The National Gallery of Modern Art
This time when I went to Delhi, I had a free morning which I spent in the National Gallery of Modern Art. I have wanted to visit it many times in the past, but somehow it never happened. This time I was determined to go and we went on the Saturday morning the day after we travelled up from Ranthambhore. It is conveniently located, near India Gate and it costs just Rs 10 to get in. It is a steal. Looking at it from a Malaysian viewpoint, less than one Ringitt takes you to one of the most marvelous displays of art in India.
India has always been at the forefront of art since the days of antiquity. The Mauryas, Kushans and Guptas have left behind some of the best sculpture ever created. However paintings from those times have obviously not survived.
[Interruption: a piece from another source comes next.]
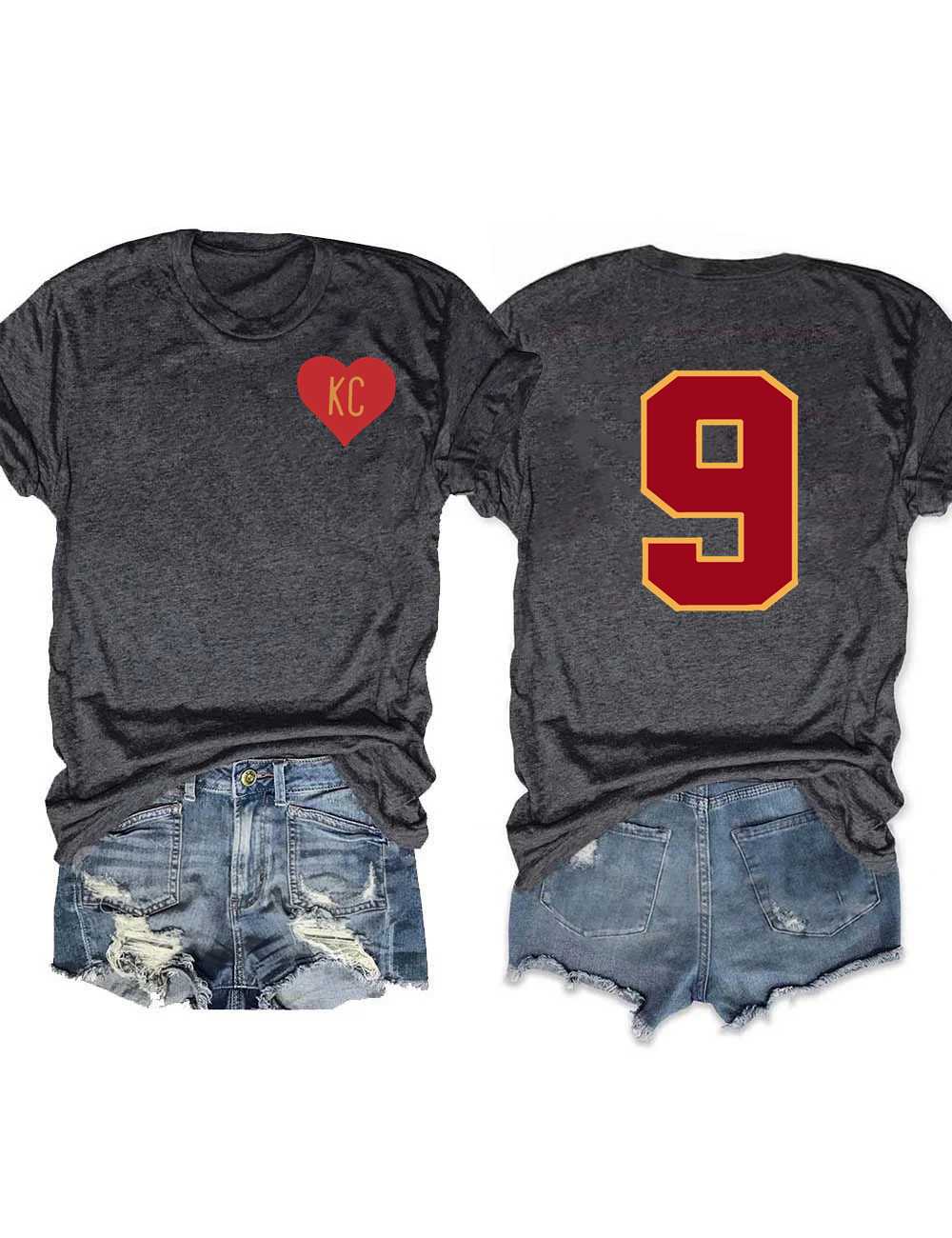 KC Heart Custom Number T-shirt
At a much later age the Mughals gave rise to the Mughal Rajput miniature paintings which according to one authority” is a remarkable synthesis between the imported tastes of the Mughals and the indigenous Indian sensibility.” We saw many paintings of this genre at the Albert museum in Jaipur. But to tell the truth I find these paintings clourful, but more like book illustrations than paintings as such. In fact I think most of these were created to be parts of the beautiful hand crafted books of those days rather than to hang on walls.
The birth of modern art in India owes a lot to the Bengal Renaissance. The cultural ferment that took place in the nineteenth century in Bengal as the locals came in contact with Western ideas also gave rise to the Calcutta School of Art which was the fountainhead of newer artistic conventions. Later when Tagore founded the Vishwa Bharati, Nandalal Bose founded an art school, the Kala Bhavan, which has to this day produced many of the doyens of modern Indian art. The so called Bengal school is not so highly regarded nowadays, but Abanindranath Tagore and his brother Gaganendranath began to breathe new life into the moribund Indian Art Scene. The sculptural tradition of India which was destroyed by the Muslim rulers on religious grounds (Islam prohibits the production of human figures) was revived by Ramkinkar Vaij in Vishwa Bharati. One of his monumental sculptures is in Delhi. Other painters like Benodbehari Bose (who was Satyajit Roy’s teacher) and Jamini Roy also changed Indian art forever.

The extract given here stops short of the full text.